鶏の鳴き声のもの真似をする者や、コソ泥をする者をいう四字熟語です。
そんな技能を持つ者も、何かの訳に役に立つことがあるということのたとえです。
戦国時代の末期、斉の孟嘗君(モウショウクン:?~B.C.279年)にまつわる話として『史記・孟嘗君列伝』の中に、この【鶏鳴狗盗】が出てきます。
孟嘗君が、秦の昭王に捕(とら)われて、殺されそうになったことがありました。
そのとき、犬の真似をして盗みをするのがうまい男に、昭王への土産として贈った狐白裘(コハクキュウ)を盗み出させ、昭王の愛姫に献上してなんとか釈放されました。
逃走の途中、夜半に函谷関(カンコクカン)に着きましたが、関所は一番鶏が鳴くまでは人を通行させない決まりになっていました。
たまたま一行の中に鶏の鳴き声を真似るのがうまい者がいました。この者が鶏の鳴き真似をすると、周りの鶏が一斉に鳴き始め、関所が開かれました。こうして一行は、追手が来ないうちに国境を通過することが出来ました。

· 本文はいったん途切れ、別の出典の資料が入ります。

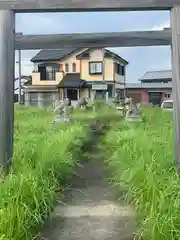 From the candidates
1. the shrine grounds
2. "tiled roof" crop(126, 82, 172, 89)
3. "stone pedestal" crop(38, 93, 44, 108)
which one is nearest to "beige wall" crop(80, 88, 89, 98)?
"tiled roof" crop(126, 82, 172, 89)

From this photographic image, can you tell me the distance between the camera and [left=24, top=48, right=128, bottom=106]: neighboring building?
1236 cm

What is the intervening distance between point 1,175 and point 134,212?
1.15 m

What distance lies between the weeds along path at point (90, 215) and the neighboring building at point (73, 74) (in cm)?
804

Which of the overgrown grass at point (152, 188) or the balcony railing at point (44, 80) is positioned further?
the balcony railing at point (44, 80)

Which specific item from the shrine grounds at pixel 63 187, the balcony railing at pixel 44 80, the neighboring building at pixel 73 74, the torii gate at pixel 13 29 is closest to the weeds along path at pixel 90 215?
the shrine grounds at pixel 63 187

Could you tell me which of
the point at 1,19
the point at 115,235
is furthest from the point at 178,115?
the point at 1,19

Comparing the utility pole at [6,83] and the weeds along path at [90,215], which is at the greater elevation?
the utility pole at [6,83]

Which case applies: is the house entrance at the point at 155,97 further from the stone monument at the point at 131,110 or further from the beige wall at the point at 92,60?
the stone monument at the point at 131,110

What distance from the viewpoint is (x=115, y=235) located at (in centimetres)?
265

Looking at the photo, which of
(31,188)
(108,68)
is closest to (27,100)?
(108,68)

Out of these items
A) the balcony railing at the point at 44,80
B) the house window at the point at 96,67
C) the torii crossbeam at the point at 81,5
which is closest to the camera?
the torii crossbeam at the point at 81,5

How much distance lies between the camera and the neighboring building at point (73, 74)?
40.5 ft

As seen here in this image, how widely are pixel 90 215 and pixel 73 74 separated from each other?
11332 mm

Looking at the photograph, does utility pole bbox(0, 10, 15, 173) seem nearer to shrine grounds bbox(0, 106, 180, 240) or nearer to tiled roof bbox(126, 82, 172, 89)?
shrine grounds bbox(0, 106, 180, 240) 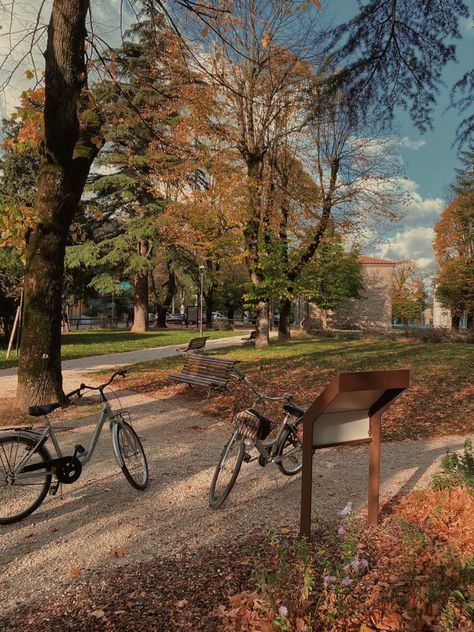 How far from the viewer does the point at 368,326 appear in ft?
173

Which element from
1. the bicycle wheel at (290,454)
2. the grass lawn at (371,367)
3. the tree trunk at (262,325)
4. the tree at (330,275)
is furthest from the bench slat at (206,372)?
the tree at (330,275)

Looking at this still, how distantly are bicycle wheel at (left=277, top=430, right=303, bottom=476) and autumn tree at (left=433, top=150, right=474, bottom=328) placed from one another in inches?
1106

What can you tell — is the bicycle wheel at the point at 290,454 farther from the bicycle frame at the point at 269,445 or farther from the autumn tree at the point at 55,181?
the autumn tree at the point at 55,181

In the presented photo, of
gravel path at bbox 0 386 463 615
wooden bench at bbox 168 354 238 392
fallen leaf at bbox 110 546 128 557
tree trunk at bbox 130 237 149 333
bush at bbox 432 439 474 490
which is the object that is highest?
tree trunk at bbox 130 237 149 333

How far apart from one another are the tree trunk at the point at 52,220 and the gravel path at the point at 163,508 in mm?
1597

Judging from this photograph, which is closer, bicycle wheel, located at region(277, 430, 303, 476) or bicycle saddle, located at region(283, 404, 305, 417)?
bicycle saddle, located at region(283, 404, 305, 417)

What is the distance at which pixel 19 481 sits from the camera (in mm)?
4035

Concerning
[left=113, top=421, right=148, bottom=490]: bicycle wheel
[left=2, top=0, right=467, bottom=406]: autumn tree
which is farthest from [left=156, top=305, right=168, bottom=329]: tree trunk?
[left=113, top=421, right=148, bottom=490]: bicycle wheel

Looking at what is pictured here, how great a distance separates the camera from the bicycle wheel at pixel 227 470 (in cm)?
423

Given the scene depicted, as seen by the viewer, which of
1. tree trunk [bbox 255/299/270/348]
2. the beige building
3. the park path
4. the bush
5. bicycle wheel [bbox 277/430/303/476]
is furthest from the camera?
the beige building

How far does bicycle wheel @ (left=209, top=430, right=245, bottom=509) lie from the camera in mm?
4230

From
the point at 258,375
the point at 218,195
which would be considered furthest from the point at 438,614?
the point at 218,195

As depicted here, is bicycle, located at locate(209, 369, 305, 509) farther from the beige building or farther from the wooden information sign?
the beige building

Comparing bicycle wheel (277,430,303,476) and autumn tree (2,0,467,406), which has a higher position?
A: autumn tree (2,0,467,406) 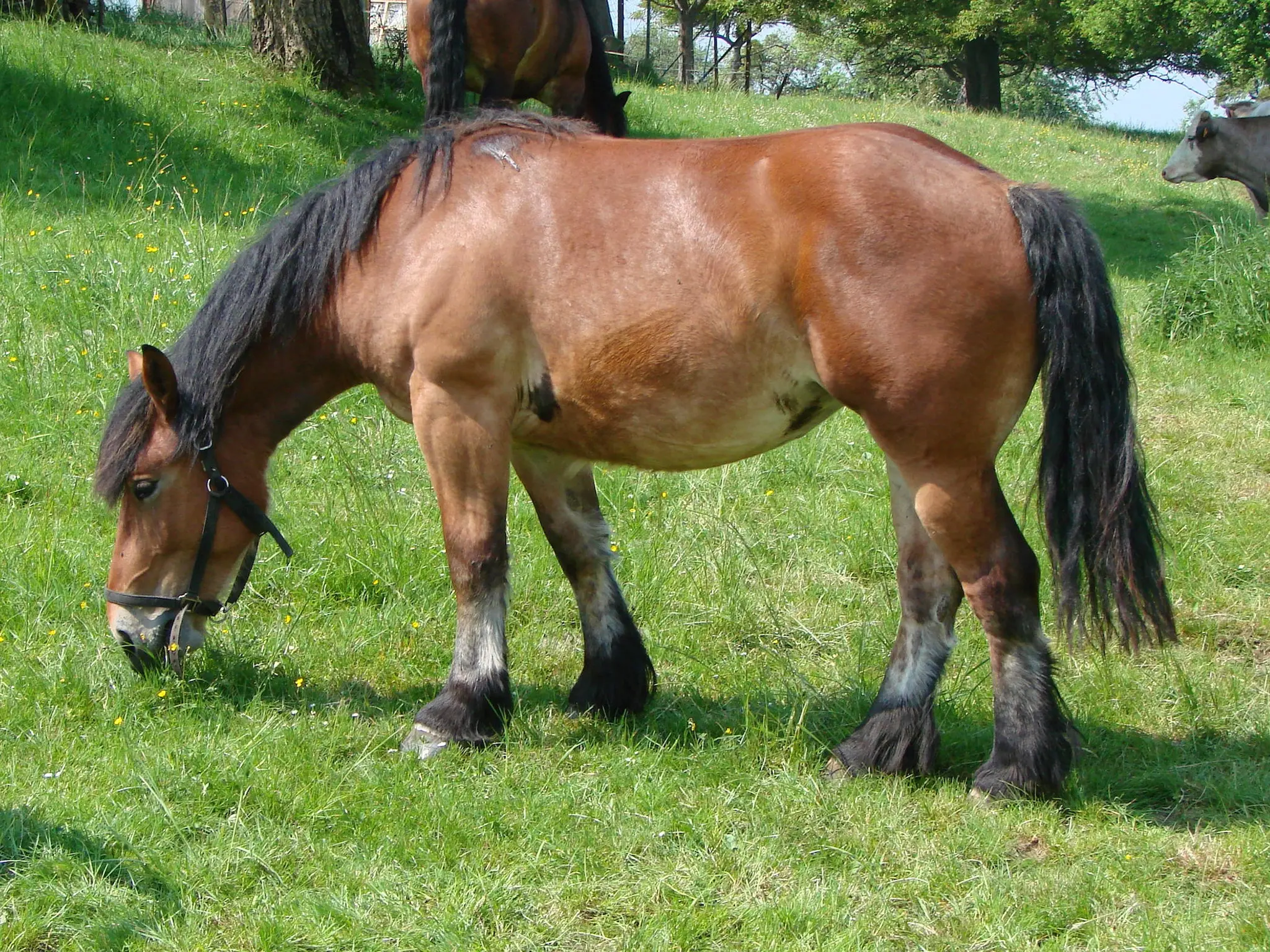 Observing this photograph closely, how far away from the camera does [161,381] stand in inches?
151

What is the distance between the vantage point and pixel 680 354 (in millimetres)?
3471

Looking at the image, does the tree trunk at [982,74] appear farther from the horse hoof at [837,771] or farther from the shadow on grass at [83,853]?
the shadow on grass at [83,853]

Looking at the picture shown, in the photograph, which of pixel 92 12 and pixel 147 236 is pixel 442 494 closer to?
pixel 147 236

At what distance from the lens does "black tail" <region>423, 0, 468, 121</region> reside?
641cm

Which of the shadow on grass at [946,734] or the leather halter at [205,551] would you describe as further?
the leather halter at [205,551]

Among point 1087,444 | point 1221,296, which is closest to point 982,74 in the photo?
point 1221,296

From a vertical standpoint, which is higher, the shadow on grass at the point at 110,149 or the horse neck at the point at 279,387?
the shadow on grass at the point at 110,149

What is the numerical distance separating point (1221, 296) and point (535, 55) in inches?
219

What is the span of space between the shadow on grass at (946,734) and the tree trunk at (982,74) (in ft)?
103

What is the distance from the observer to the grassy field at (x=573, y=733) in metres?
3.02

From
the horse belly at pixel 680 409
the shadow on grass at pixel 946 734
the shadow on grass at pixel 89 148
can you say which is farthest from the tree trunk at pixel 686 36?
the horse belly at pixel 680 409

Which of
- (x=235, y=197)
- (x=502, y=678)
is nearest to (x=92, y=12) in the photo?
(x=235, y=197)

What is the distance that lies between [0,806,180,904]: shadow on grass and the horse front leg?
3.10 ft

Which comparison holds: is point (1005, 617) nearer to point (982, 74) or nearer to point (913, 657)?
point (913, 657) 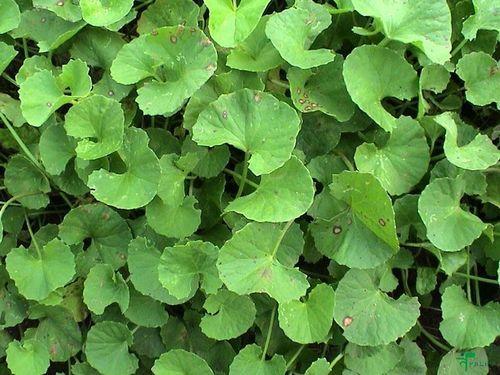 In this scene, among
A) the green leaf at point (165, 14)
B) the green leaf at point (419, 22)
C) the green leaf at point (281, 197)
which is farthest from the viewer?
the green leaf at point (165, 14)

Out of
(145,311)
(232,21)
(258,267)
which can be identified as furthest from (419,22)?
(145,311)

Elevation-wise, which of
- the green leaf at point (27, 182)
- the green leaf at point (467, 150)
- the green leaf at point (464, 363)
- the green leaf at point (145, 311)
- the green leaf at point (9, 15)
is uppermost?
the green leaf at point (9, 15)

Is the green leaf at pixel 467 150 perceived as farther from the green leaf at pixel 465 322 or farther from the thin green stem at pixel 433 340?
the thin green stem at pixel 433 340

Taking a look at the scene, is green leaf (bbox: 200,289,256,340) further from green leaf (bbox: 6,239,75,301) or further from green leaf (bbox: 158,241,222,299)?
green leaf (bbox: 6,239,75,301)

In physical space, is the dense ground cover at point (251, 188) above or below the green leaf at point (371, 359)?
above

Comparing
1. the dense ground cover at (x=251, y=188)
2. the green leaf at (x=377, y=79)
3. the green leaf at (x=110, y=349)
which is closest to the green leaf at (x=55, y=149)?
the dense ground cover at (x=251, y=188)

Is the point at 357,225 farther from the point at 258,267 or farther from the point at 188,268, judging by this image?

当初、孟嘗君が二人を食客として迎えたとき、ほかの食客は皆それに不満を持っていました。しかし、秦での活躍を聞くに及んで、みな敬服するようになりました。
日本でも清少納言の 枕草子 第136段に
「夜(よ)を籠(こ)めて鶏(とり)のそら音(ね)ははかるともよに逢坂の関は許さじ」
夜明け前に、(函谷関じゃあるまいし)鶏の鳴き声をまねして、
騙(だま)そうとしても、(我が家の)逢坂の関は決して
開けたりはしませんよ。
とありますのは、孟嘗君の故事によるものです。清少納言は漢籍の素養たっぷりでした。